Siempre a la par mía (tan cerca que, con sólo alzar la vista, respiro su silueta) está mi abuela, cuya sabiduría ilimitada y su coraje sin pausa parecían provenir de la nada, convirtiéndolas en un acto reflejo, como cuando –después de oír que el presidente Armando Molina se ufanaba de su programa: “una escuela y una cancha por día”- dijo: “algo anda mal cuando son más los asesinados políticos que las escuelas inauguradas”. Su vaho clandestino y su “hablar a cucharadas” crecieron con la muerte inesperada de mi abuelo, don Salvador Pineda, de quien lo único que supe es que le decían “el cachimbón” (porque siempre tomaba la decisión correcta en el momento correcto) y que murió manejando una pipa de gasolina. Las opciones fueron dos: estrellarse contra una casa llena de gente y salvarse, o llevar la pipa hasta un barranco sin fondo y morir sólo él. Aun cuando su vida fue corta, fue lo suficientemente significativa como para llenar la vida de todos los demás, incluyéndome a mí.
Como heredera de esas generaciones, está mi madre. Habla tan poco como mi abuela, porque siempre está entretenida jugando al escondelero con el sol, esa era su forma muy particular de prolongar su estadía junto a sus seres amados.
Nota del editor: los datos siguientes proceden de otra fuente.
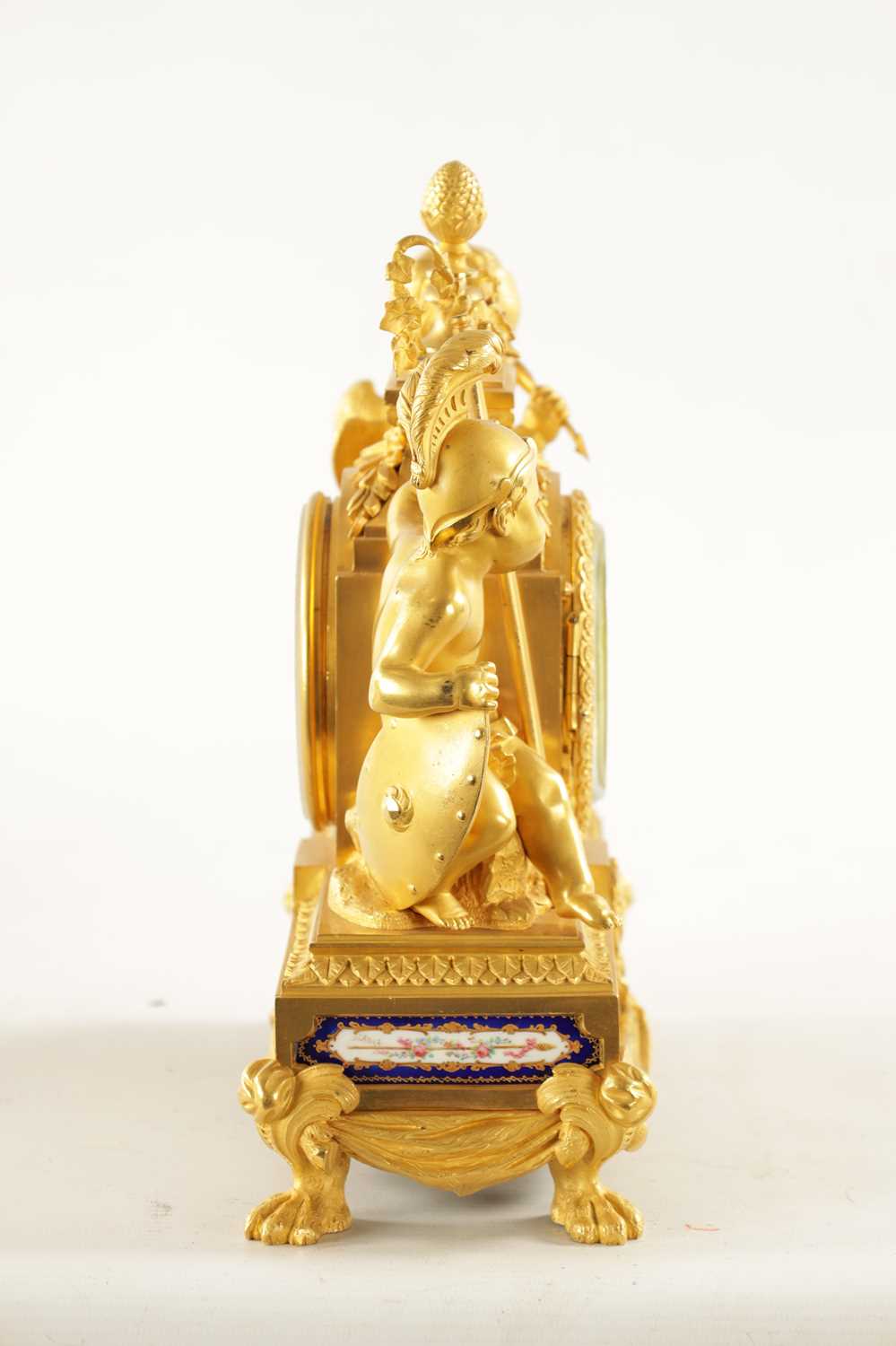 A FINE 19TH CENTURY GILT ORMOLU SEVRES PANELLED MANTEL CLOCK - Image 10 of 10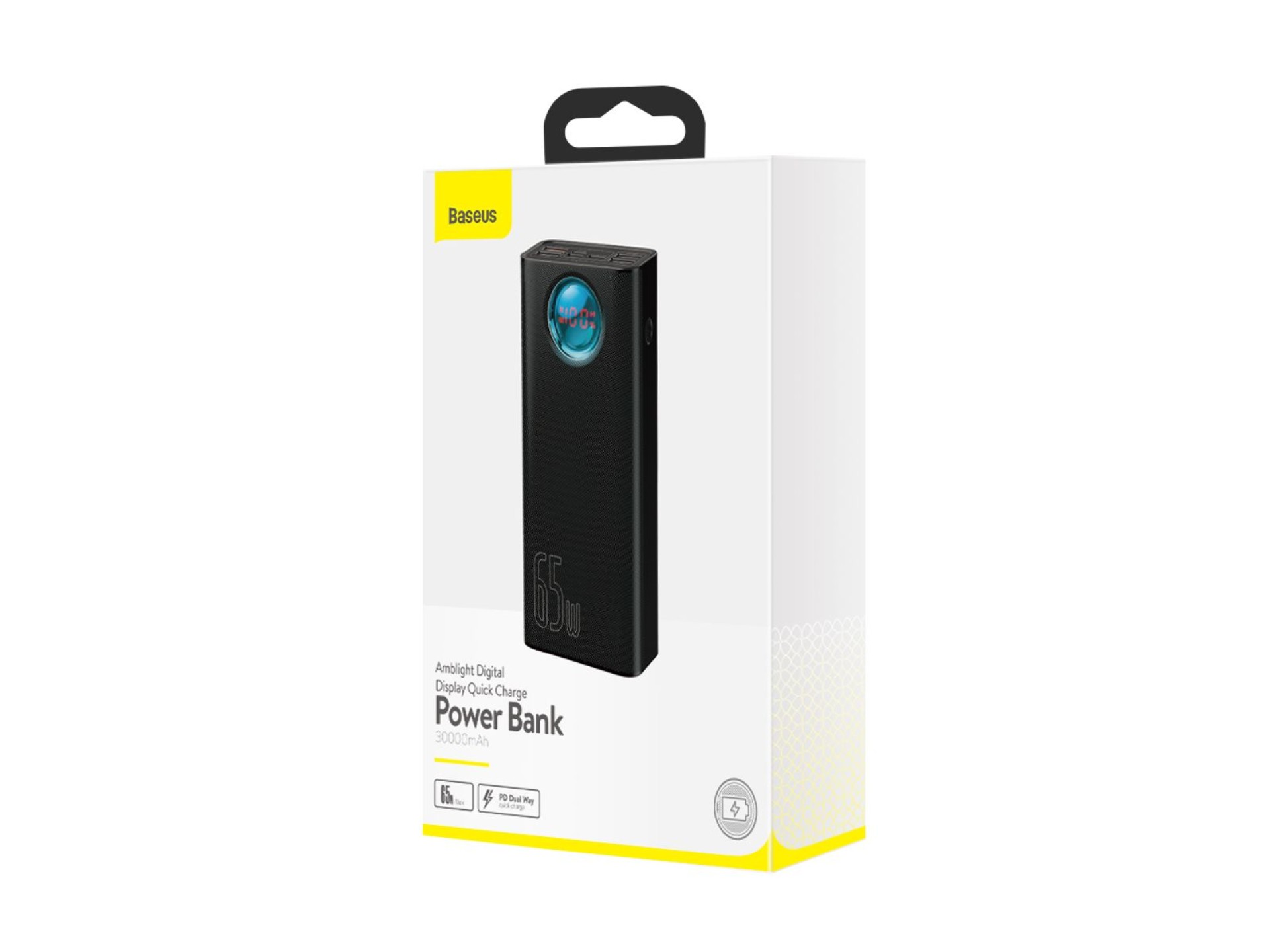 Baseus power bank Amblight 65W 30000mAh black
Ya sé que, a nadie, que no sea yo, le interesan estas cosas. Una bisabuela pre-insurgente (quizás nieta natural de Anastasio Aquino ¿por qué no?); una abuela incondicional y sabia y valiente que sacó a escobazos a los soldados que andaban preguntando por mi nombre y mis malos pasos con la guerrilla; una madre que guardó en un cofre sin llaves sus sueños juveniles para darnos de comer; una fotografía con una dedicatoria a alguien no nacido… Este es un árbol genealógico muy pequeño, insignificante para los demás, pero ¿acaso existe en el mundo una mejor sombra que me cobije y me corrobore, sin duda razonable, que yo soy la razón de ser de mis ancestros? Y entonces la nostalgia me respira en la nuca para que siga caminando hacia lo que considero correcto.